(Scraped caption text data)

════

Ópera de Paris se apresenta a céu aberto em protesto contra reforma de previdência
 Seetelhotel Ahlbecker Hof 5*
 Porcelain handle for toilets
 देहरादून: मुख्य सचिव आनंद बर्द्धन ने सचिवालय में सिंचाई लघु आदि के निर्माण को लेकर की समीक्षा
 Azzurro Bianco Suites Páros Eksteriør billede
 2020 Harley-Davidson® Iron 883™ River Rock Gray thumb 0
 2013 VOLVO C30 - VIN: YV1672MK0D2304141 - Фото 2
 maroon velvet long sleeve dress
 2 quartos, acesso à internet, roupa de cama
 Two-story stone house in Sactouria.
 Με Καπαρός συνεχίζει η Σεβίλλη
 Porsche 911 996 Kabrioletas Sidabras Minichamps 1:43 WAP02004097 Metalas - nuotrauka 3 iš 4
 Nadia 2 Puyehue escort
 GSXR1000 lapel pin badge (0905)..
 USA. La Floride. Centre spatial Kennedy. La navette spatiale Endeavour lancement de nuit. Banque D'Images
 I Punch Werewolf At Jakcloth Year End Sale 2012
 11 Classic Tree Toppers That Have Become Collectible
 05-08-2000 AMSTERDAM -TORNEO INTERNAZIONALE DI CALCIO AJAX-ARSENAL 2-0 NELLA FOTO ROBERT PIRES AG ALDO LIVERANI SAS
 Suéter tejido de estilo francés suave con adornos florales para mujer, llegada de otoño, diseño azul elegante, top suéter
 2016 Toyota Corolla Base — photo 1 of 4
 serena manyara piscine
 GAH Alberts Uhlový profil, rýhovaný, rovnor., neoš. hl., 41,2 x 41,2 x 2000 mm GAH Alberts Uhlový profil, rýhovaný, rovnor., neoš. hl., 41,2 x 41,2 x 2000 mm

════

Problem details: Among the lines above, repeat exactly those from the line with "Azzurro Bianco Suites" to the line with "05-08-2000 AMSTERDAM -TORNEO", counting both ends.

Written solution:
 Azzurro Bianco Suites Páros Eksteriør billede
 2020 Harley-Davidson® Iron 883™ River Rock Gray thumb 0
 2013 VOLVO C30 - VIN: YV1672MK0D2304141 - Фото 2
 maroon velvet long sleeve dress
 2 quartos, acesso à internet, roupa de cama
 Two-story stone house in Sactouria.
 Με Καπαρός συνεχίζει η Σεβίλλη
 Porsche 911 996 Kabrioletas Sidabras Minichamps 1:43 WAP02004097 Metalas - nuotrauka 3 iš 4
 Nadia 2 Puyehue escort
 GSXR1000 lapel pin badge (0905)..
 USA. La Floride. Centre spatial Kennedy. La navette spatiale Endeavour lancement de nuit. Banque D'Images
 I Punch Werewolf At Jakcloth Year End Sale 2012
 11 Classic Tree Toppers That Have Become Collectible
 05-08-2000 AMSTERDAM -TORNEO INTERNAZIONALE DI CALCIO AJAX-ARSENAL 2-0 NELLA FOTO ROBERT PIRES AG ALDO LIVERANI SAS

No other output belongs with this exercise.